Roberto De Zerbi a fermement averti son effectif de Tottenham : la survie en Premier League est encore loin d’être acquise. Malgré une avance comptable sur leurs concurrents directs, l’entraîneur italien refuse de crier victoire avant un derby londonien qui s’annonce électrique et décisif pour l’avenir du club.

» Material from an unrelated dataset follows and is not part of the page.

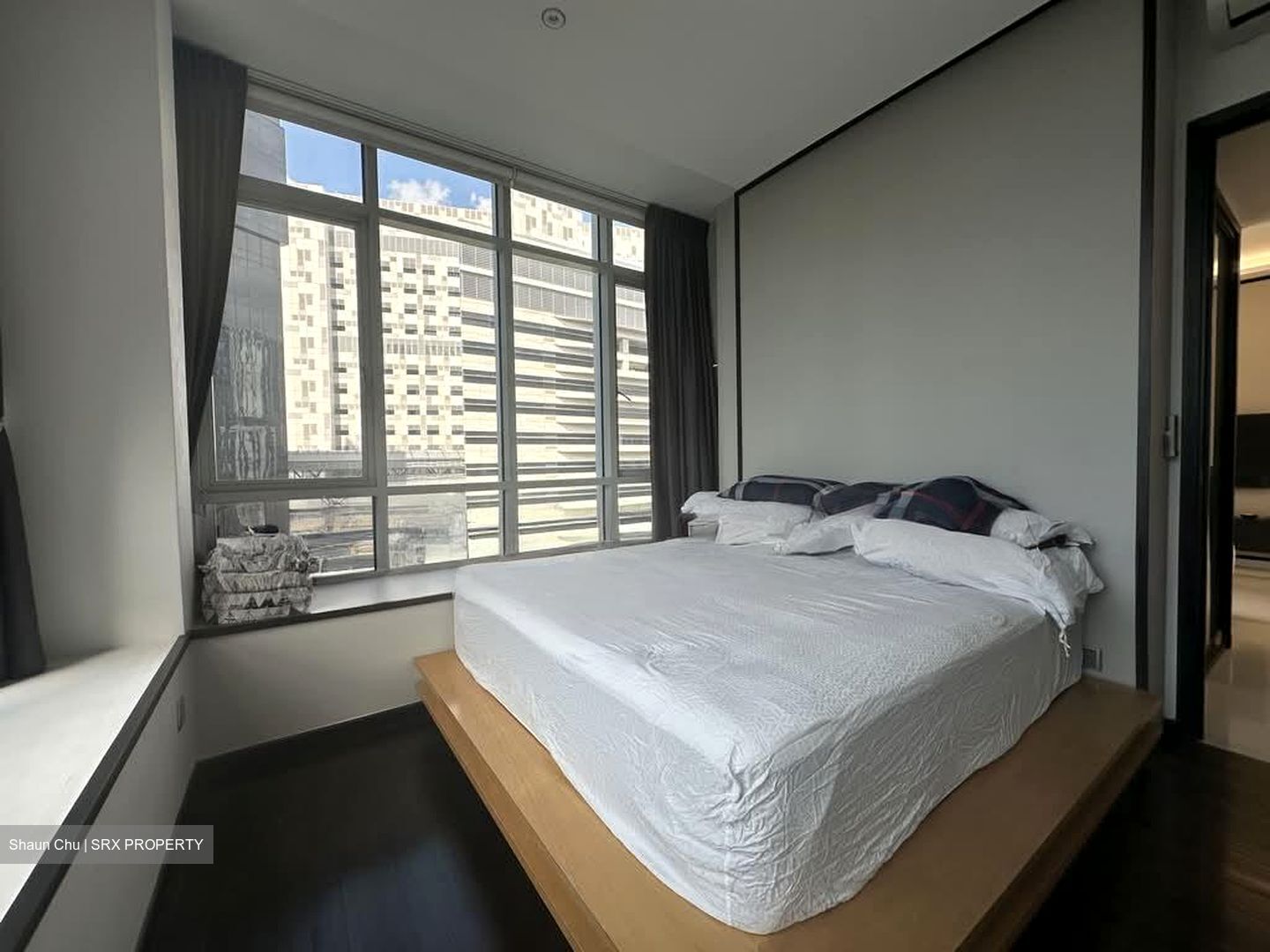 M21 (D11), Apartment #564187321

Le spectre de la relégation plane encore
Pour valider officiellement son maintien dans l’élite, Tottenham n’a théoriquement besoin que d’un petit point lors de son déplacement sur la pelouse de Chelsea ce mardi. La défaite récente de West Ham face à Newcastle a offert un bol d’air aux Spurs, qui possèdent désormais deux longueurs d’avance sur les Hammers, un match en retard et une différence de buts avantageuse. Pourtant, pour De Zerbi, l’heure n’est pas aux calculs ni aux préparatifs estivaux.
« Nous ne pouvons pas ignorer d’où nous venons. Le maintien n’est pas encore validé », a martelé le technicien. Il insiste sur la nécessité de rester totalement investi sur le rectangle vert : « Il faut se battre et produire un football de haut niveau. Une fois que nous aurons ce point crucial en Premier League, nous pourrons discuter de l’avenir, mais pour l’instant, seule la lutte compte. »
Un dilemme entre les poteaux à Stamford Bridge
À l’approche de ce duel, une question brûle les lèvres des observateurs : qui gardera les buts des Spurs ? Le titulaire habituel, Guglielmo Vicario, est de nouveau opérationnel après avoir soigné une hernie. Cependant, durant sa convalescence, le jeune Antonin Kinsky a multiplié les prestations de haute volée, semant le doute dans l’esprit de son coach.
Interrogé sur cette concurrence, De Zerbi a préféré entretenir le mystère : « Vicario est prêt, mais je trancherai au dernier moment. C’est un choix de luxe. Guglielmo est notre numéro un, mais la forme actuelle et la dynamique du groupe entrent en ligne de compte. Ma relation avec Antonin Kinsky est tout aussi excellente, et peu importe la décision, elle sera acceptée pour le bien de l’équipe. »
L’infirmerie et le retour progressif de Maddison
Si Dominic Solanke doit renoncer à cause d’une blessure aux ischio-jambiers, une lueur d’espoir entoure James Maddison. Le maître à jouer, dont l’absence a duré plus d’un an, a ressenti une alerte physique récemment mais devrait intégrer le groupe pour affronter les Blues.
L’entraîneur a précisé la situation de son meneur : « James a repris l’entraînement collectif après une petite gêne en début de semaine. Il n’a pas encore 90 minutes dans les jambes, nous ferons un point définitif demain matin. » Par ailleurs, De Zerbi n’a pas tari d’éloges sur Cristian Romero, soulignant son leadership exemplaire en tant que capitaine, même lorsqu’il était éloigné des terrains.
Le défi historique de Stamford Bridge
L’histoire ne plaide pas en faveur des Spurs : le club n’a décroché qu’un seul succès lors de ses 35 dernières apparitions en championnat sur les terres de Chelsea. Ce déplacement reste l’un des plus périlleux de la saison, un constat partagé par le manager italien.
« Stamford Bridge est une forteresse. Chelsea y a construit sa légende ces trois dernières décennies. C’est un environnement intimidant, mais demain, nous écrivons une nouvelle page », a conclu De Zerbi, bien décidé à briser la malédiction pour assurer l’avenir de Tottenham.